50. Otro ámbito especial de comu­nión que interroga a las Igle­sias es el relacionado con la atención y el desvelo para con quienes viven al margen de la comunidad cristiana, y especialmente para los «alejados», sin querer dar a este último término ninguna valoración moral.

Generalmente se subraya que entre las formas en las que se expresa también a este respecto el rostro de comunión de la Iglesia hay que recordar en primer lugar las formas de relación que se logra realizar en algunas ocasiones especiales y a menu­do de carácter episódico, como: la prepa­ración o celebración de los sacramentos para los hijos, el momento de la celebra­ción de un matrimonio o de un funeral: momentos de crisis existencial; ciertas fiestas litúrgicas o populares; ocasiones de turismo religioso o de peregrinación; la bendición anual a las familias; las misio­nes populares.

Tampoco faltan iniciativas específicas fomentadas por algunas Iglesias, como son: cátedras de encuentro de partidarios de distintos humanismos con testigos cualificados en ámbito católico; confron­taciones culturales mediante reportajes radiofónicos y televisivos; inserción del pensamiento católico en la prensa de ins­piración «laica» y acogida del pensamiento de autores laicos en la prensa católica; es­pacios de escucha y confrontación en dis­tintos niveles.

También resultan muy apreciadas las posibilidades abiertas por acciones pasto­rales sectoriales, como la atención pasto­ral a los militares. También se pone de re­lieve el papel que pueden desempeñar las escuelas católicas, buscadas a menudo también por personas no especialmente próximas a la Iglesia, así como la enseñanza de la religión en las escuelas públicas. Otro espacio harto valioso lo ofrece el patrimonio artístico y cultural, que puede transformarse en punto de encuentro para quienes se han «alejado de la Iglesia».
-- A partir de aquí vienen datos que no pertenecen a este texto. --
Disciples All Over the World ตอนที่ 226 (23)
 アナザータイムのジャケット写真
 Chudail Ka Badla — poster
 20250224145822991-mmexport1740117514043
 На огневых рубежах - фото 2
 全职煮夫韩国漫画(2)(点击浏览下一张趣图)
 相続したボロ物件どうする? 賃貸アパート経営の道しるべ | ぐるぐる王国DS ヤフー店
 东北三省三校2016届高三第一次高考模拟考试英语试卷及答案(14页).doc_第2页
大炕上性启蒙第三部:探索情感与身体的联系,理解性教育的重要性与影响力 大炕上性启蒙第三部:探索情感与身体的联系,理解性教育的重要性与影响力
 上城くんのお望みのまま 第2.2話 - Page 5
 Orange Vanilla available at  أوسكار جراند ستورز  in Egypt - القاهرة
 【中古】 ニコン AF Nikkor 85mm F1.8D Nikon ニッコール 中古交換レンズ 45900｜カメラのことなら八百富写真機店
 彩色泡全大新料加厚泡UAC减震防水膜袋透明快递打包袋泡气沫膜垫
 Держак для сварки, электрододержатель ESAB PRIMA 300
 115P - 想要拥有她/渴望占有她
Tampoco hay que infravalorar, por muy difícil que resulte su comprobación, la tupida red de relaciones pormenorizadas que se crean en la familia, en el ambiente de traba­jo, en las relaciones sociales, en el tiempo de ocio, entre cristianos y cristianas que se consideran practicantes o activos o de algu­na manera sensibles a la religión y creyentes que se incluyen en ese área de cristianismo caracterizado por una adscripción parcial y discontinua a la Iglesia: espacios vitales to­dos ellos en los que se comunica de forma espontánea e incisiva más un Evangelio «vi­vido» que un Evangelio «proclamado».